In the end of the training, the training job will generate a saved model for TF serving.

# Deploy the trained model to prepare for predictions

The deploy() method creates an endpoint which serves prediction requests in real-time.

In [9]:
mnist_predictor = mnist_estimator.deploy(initial_instance_count=1,
                                             instance_type='ml.m4.xlarge')

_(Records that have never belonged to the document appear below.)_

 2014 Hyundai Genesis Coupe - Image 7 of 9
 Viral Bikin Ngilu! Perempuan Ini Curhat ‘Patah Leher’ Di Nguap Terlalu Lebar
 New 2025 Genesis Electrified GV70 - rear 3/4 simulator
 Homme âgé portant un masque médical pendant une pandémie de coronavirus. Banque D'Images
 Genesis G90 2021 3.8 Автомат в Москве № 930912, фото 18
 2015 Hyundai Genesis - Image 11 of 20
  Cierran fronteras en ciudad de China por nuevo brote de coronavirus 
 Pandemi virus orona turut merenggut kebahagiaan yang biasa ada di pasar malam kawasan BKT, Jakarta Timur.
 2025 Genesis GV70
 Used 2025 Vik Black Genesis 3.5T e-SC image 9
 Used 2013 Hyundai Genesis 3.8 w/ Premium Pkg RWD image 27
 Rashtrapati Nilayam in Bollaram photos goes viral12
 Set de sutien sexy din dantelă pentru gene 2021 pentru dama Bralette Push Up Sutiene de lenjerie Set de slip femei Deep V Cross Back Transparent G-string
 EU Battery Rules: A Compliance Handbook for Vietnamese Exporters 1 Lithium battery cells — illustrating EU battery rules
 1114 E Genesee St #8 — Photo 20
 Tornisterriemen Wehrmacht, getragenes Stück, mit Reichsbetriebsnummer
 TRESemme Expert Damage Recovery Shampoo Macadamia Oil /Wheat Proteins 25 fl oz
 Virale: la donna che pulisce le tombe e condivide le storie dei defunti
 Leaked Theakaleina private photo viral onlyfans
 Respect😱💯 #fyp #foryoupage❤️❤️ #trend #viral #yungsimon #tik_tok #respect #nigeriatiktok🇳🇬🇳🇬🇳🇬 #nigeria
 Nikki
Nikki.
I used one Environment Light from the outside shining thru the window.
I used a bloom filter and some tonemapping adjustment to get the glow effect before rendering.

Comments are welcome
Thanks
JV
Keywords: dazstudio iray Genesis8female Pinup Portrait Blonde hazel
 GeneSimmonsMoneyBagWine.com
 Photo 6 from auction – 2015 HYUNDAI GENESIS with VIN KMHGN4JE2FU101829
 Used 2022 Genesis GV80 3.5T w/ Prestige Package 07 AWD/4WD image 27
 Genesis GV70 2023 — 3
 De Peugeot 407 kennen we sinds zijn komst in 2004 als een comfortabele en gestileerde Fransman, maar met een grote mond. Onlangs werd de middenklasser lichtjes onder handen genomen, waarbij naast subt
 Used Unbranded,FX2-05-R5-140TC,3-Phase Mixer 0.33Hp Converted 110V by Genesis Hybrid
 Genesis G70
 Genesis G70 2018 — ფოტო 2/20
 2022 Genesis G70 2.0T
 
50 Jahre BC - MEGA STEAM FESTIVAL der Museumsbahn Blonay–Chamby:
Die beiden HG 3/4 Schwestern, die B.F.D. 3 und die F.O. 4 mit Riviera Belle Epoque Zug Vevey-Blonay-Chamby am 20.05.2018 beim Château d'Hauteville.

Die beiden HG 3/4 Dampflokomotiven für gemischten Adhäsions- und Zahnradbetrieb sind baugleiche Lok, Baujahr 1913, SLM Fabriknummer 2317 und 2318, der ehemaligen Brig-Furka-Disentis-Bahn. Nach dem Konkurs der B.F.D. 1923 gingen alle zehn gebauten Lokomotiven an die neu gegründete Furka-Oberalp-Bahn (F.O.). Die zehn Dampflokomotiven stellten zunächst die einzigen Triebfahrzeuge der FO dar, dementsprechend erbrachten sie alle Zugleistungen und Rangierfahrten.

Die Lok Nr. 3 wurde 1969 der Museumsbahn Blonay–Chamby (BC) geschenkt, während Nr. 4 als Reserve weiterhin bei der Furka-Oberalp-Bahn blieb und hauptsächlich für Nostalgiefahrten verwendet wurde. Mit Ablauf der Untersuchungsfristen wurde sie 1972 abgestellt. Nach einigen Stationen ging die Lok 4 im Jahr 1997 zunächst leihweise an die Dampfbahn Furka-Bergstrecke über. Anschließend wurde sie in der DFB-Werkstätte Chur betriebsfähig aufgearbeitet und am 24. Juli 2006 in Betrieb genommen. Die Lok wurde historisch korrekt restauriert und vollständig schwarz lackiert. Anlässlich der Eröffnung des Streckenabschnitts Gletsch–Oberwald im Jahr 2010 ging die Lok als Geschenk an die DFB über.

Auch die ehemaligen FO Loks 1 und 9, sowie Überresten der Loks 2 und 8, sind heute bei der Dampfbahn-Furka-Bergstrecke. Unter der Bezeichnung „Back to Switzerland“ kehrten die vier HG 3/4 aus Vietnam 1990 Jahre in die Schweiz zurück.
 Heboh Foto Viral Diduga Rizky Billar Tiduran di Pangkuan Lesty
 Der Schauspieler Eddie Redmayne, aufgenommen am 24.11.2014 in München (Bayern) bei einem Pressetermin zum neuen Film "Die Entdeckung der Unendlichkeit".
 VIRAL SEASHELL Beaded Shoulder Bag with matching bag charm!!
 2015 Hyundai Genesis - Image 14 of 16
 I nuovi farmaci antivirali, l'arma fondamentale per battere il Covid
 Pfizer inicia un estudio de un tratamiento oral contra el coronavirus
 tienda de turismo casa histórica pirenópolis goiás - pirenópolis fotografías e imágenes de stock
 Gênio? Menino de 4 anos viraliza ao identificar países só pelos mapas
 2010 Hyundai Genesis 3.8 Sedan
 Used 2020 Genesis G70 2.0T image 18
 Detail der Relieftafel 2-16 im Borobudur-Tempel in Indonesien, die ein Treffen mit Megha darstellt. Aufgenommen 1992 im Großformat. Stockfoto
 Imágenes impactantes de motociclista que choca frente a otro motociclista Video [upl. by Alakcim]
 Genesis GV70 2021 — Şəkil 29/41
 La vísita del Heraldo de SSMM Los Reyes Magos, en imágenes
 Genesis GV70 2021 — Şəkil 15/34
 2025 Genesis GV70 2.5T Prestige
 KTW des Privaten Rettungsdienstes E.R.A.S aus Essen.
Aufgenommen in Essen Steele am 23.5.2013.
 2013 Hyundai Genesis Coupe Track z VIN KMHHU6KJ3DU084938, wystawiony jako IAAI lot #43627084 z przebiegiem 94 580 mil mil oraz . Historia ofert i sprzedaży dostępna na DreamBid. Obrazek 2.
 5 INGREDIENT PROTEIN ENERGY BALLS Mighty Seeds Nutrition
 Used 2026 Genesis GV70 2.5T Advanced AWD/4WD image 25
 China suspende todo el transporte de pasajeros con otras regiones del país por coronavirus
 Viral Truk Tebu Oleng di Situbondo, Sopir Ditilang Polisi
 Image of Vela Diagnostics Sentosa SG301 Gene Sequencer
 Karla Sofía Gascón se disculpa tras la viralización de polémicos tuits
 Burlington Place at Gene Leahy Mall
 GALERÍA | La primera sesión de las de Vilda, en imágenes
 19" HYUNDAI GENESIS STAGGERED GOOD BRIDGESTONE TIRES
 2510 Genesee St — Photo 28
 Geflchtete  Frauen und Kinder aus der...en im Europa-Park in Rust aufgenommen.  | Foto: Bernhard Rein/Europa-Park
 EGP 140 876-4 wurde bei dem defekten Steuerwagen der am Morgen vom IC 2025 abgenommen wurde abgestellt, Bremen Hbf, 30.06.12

INFO:sagemaker:Creating model with name: sagemaker-tensorflow-py2-cpu-2018-03-09-07-44-53-066


ClientError: An error occurred (ValidationException) when calling the CreateModel operation: Cannot create already existing model "arn:aws:sagemaker:us-east-1:928663186773:model/sagemaker-tensorflow-py2-cpu-2018-03-09-07-44-53-066".

# Invoking the endpoint

In [10]:
import numpy as np
from tensorflow.examples.tutorials.mnist import input_data

mnist = input_data.read_data_sets("/tmp/data/", one_hot=True)

for i in range(10):
    data = mnist.test.images[i].tolist()
    tensor_proto = tf.make_tensor_proto(values=np.asarray(data), shape=[1, len(data)], dtype=tf.float32)
    predict_response = mnist_predictor.predict(tensor_proto)
    
    print("========================================")
    label = np.argmax(mnist.test.labels[i])
    print("label is {}".format(label))
    prediction = predict_response['outputs']['classes']['int64Val'][0]
    print("prediction is {}".format(prediction))

Successfully downloaded train-images-idx3-ubyte.gz 9912422 bytes.
Extracting /tmp/data/train-images-idx3-ubyte.gz
Successfully downloaded train-labels-idx1-ubyte.gz 28881 bytes.
Extracting /tmp/data/train-labels-idx1-ubyte.gz
Successfully downloaded t10k-images-idx3-ubyte.gz 1648877 bytes.
Extracting /tmp/data/t10k-images-idx3-ubyte.gz
Successfully downloaded t10k-labels-idx1-ubyte.gz 4542 bytes.
Extracting /tmp/data/t10k-labels-idx1-ubyte.gz
label is 7
prediction is 7
label is 2
prediction is 2
label is 1
prediction is 1
label is 0
prediction is 0
label is 4
prediction is 4
label is 1
prediction is 1
label is 4
prediction is 4
label is 9
prediction is 9
label is 5
prediction is 5
label is 9
prediction is 9


# Deleting the endpoint

In [11]:
sagemaker.Session().delete_endpoint(mnist_predictor.endpoint)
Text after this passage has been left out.